5. The method as claimed in claim 2, wherein step c) is carried out by dissolving the residue from step b) with deionized water and centrifuging at 6000-10000 rpm.

6. The method according to claim 4 or 5, wherein the number of centrifugal revolutions is 7000-9800 revolutions; and/or the centrifugation time is 10 minutes or more, for example 10 to 40 minutes.

7. The method according to claim 2, wherein said step d) is carried out as follows: collecting the supernatant obtained after the centrifugation in the step c), putting into a dialysis bag with the molecular weight cut-off of 3500Da, dialyzing in ultrapure water, and freeze-drying to obtain the final product of the konjac oligosaccharide KGMOS.

8. The method according to claim 7, wherein in step d) the dialysis time is more than 1 day, such as 1 to 5 days.

9. A pharmaceutical or food composition comprising a konjac oligosaccharide KGMOS according to claim 1 or prepared by the method of any one of claims 2 to 8.

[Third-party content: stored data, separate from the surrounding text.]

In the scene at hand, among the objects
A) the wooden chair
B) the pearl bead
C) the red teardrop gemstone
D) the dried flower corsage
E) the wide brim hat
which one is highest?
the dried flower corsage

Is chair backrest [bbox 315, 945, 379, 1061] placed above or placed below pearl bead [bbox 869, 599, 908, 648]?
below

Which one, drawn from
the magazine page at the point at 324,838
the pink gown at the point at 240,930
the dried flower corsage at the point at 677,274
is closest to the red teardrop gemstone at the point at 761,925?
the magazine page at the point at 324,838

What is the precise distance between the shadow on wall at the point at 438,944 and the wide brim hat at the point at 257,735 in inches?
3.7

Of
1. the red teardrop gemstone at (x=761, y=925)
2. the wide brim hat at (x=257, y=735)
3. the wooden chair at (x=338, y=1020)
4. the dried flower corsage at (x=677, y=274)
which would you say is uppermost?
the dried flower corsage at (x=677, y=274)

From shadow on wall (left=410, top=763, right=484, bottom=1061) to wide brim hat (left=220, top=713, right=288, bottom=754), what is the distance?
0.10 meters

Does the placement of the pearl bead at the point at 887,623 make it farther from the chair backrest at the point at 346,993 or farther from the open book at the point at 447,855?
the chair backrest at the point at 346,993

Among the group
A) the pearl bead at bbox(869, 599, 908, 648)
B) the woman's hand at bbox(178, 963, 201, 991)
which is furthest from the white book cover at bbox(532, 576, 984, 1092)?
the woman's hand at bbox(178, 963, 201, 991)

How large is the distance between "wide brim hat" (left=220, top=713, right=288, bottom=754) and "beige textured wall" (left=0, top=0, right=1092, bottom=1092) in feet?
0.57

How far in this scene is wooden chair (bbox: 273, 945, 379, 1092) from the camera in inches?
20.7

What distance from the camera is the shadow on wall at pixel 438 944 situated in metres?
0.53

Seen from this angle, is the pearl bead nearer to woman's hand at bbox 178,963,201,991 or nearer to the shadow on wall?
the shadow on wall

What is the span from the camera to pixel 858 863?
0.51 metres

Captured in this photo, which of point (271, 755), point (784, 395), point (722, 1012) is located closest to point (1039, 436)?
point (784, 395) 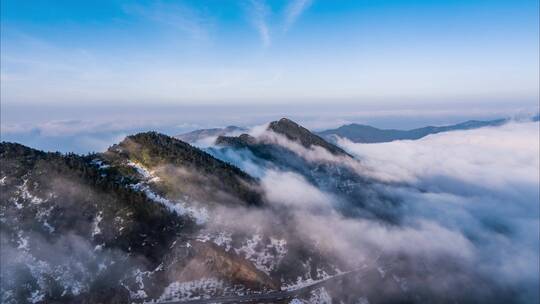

10. Use of a konjac oligosaccharide KGMOS according to claim 1 or prepared according to the method of any one of claims 2-8, selected from the group consisting of: the application of the polypeptide in preparing the medicine or food for promoting the synthesis of butyric acid in colon, the application in preparing the medicine or food for enhancing the acetylation of the mucosal epithelial cell histones H3 and H4, the application in preparing the medicine or food for increasing the expression of Muc2 gene, the application in preparing the medicine or food for improving the mucosal barrier protection function and the application in preparing the medicine or food for improving the intestinal flora structure and maintaining the intestinal health.